Afeto
Com afeto designamos cada mudança de potencial na sensibilidade que é provocada por um motivo exterior. É ligada sempre a uma tendência, sem entretanto confundir-se com ela. (Mudança de disposição não significa evidentemente uma modificação na estrutura natural da sensibilidade, mas uma determinação intrínseca, análoga ao que na região cognoscitiva, se nomeia com o termo escolástico intencional). Pela definição dada os afetos pertencem aos sentimentos, formando entre eles uma categoria própria ao lado das tendências afetivas.

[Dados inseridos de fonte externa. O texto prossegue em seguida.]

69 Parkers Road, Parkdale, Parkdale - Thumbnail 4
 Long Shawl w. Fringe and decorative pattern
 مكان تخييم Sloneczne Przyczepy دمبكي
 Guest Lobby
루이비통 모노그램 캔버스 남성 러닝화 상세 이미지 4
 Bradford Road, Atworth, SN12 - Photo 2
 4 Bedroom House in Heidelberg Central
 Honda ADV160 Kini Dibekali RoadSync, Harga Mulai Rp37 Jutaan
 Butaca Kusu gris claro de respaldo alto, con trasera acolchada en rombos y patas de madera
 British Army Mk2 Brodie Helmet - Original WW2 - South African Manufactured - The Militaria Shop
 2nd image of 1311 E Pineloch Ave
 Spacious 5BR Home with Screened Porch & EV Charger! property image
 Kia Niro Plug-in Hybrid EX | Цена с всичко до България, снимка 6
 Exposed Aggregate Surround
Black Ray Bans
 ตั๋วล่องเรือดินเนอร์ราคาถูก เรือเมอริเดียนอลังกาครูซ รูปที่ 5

A confusão reinante na terminologia desse termo e daqueles que lhe são relacionados, torna-os particularmente visível no fato de que afeto (fr. affection) aplica-se ao mesmo tempo num sentido mais restrito e exclusivo aos fatos hedônicos, de prazer e dor, que figuram como subgrupos dos afetos no sentido mais amplo, e sendo de uma natureza menos complexa apoiam-se, como tais, às emoções propriamente ditas, que formam o segundo subgrupo dos afetos, ao lado de prazer e dor, mas que, por sua parte, em outra terminologia, incluem esses últimos. As emoções propriamente ditas são a cólera, o medo, a esperança, etc., e parece evidente que só o maior grau de complexidade as distingue dos afetos hedônicos. A posição dos afetos perante as tendências, que em nossa definição damos como condição necessária, essencial para a existência de um afeto é exposta por Maine de Biran: "O afeto é o que resta de uma sensação completa, quando dela se separa a individualidade pessoal ou o ego e, com ele, toda forma de tempo ou de espaço, ou quando a idéia de sensação se acha reduzida à simples sensação sem idéia de qualquer espécie". As tendências podem ser ou inclinações ou paixões. As primeiras caracterizam-se pela relativa insignificância dos fatores fisiológicos que coincidem com um caráter mais constante, ao passo que as paixões são mais sensuais, mais veementes e impulsivas.
As paixões diferem das emoções não só pela inclusão nas primeiras de uma tendência ativa, como também e exatamente por isso de uma ainda maior complexidade, sendo a paixão, definida por Gay, como "um prazer ou dor, oriundo da previsão de um futuro prazer ou dor".
As inclinações se chamam eletivas quando têm por objeto não uma classe de seres mas um indivíduo, tornando-se esse termo, derivado do francês (inclination élective) em nosso idioma um sinônimo de afeição. (do ing. affection, igual ao fr. affection, coincide com o nosso afeto e tem, no uso popular (inglês) ou com rigor (francês) também o sentido secundário de nossa afeição). Os termos introduzidos estão distribuídos em: Sentimentos I – afetos: 1) afetos hedônicos: prazer e dor; 2) emoções; II – tendências afetivas: 1) inclinações: a) inclinações gerais; b) inclinações eletivas (afeições); 2) paixões.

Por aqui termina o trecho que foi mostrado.